Again she did not answer.
“Is it nighttime?”
Still she did not answer. Yet she did not need to, for the answer came from a cuckoo, alive with song, somewhere nearby.
The fingers of my unbandaged hand quivered as I touched the tender area around my eyes. I winced, feeling the blotches
of scabs, the still-burning skin underneath. No hair on my eyebrows. No eyelashes, either. Blinking back the pain, I traced the edges of my eyelids, crusted and scarred.
I knew my eyes were wide open. I knew I could see nothing. And, with a shiver, I knew one thing more.
I was blind.
In anguish, I bellowed. Suddenly, hearing again the sound of the cuckoo, I flung off my blanket. Despite the weakness of my legs, I forced myself to rise from the pallet, pushing away Branwen’s hand as she tried to stop me. I staggered across the stones, following the sound.
I tripped on something and crashed to the floor, landing on my shoulder. Stretching out my arms, I could feel nothing but the surface of the stones beneath me. They felt hard and cold, like a tomb.
My head spun. I could feel Branwen helping me to my feet, even as I could hear her muffled sobs. Again I pushed her away. Staggering forward, my hands hit a wall of solid rock. The sound of the cuckoo drew me to the left. The groping fingers of my unbandaged hand caught the edge of a window.
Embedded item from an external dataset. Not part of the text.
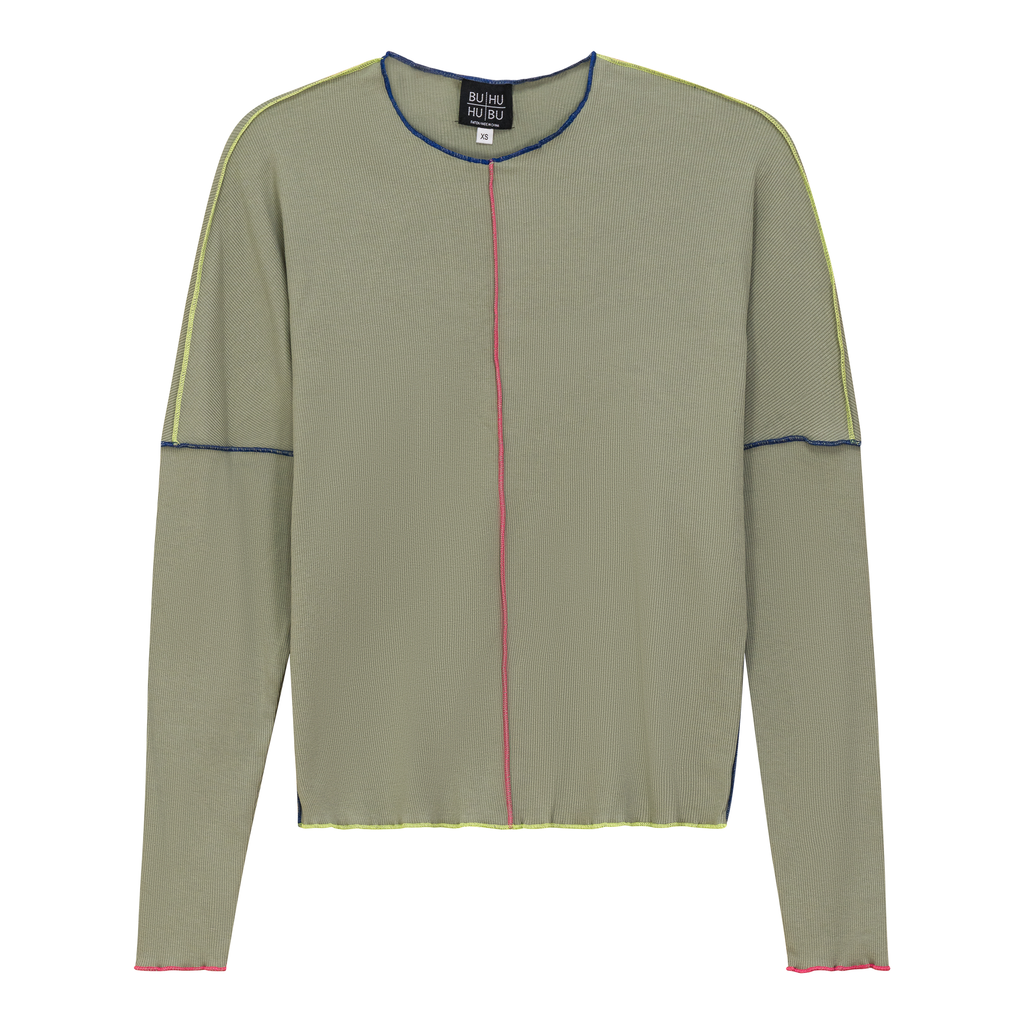 Contrast Stitch Top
Grasping the sill, I pulled myself closer. Cool air stung my face, The cuckoo sang, so close to me that I might have reached out and touched its wing. For the first time, it seemed, in weeks, I felt the splash of sunshine on my face. Yet as hard as I tried to find the sun, I could not see it.
Hidden. The whole world is hidden.
My legs buckled beneath me. I fell to the floor, my head upon the stones. And I wept.
8: THE GIFT
During the weeks stretching into months that followed, my torment filled the halls of the Church of Saint Peter. The nuns residing there, moved both by the strength of Branwen’s piety and the severity of my burns, had opened the gates of their sanctuary. They must have found it difficult to feel anything but sympathy for this woman who did little else but pray all day and tend to her wounded boy. As to the boy himself, they mostly avoided me, which suited me just fine.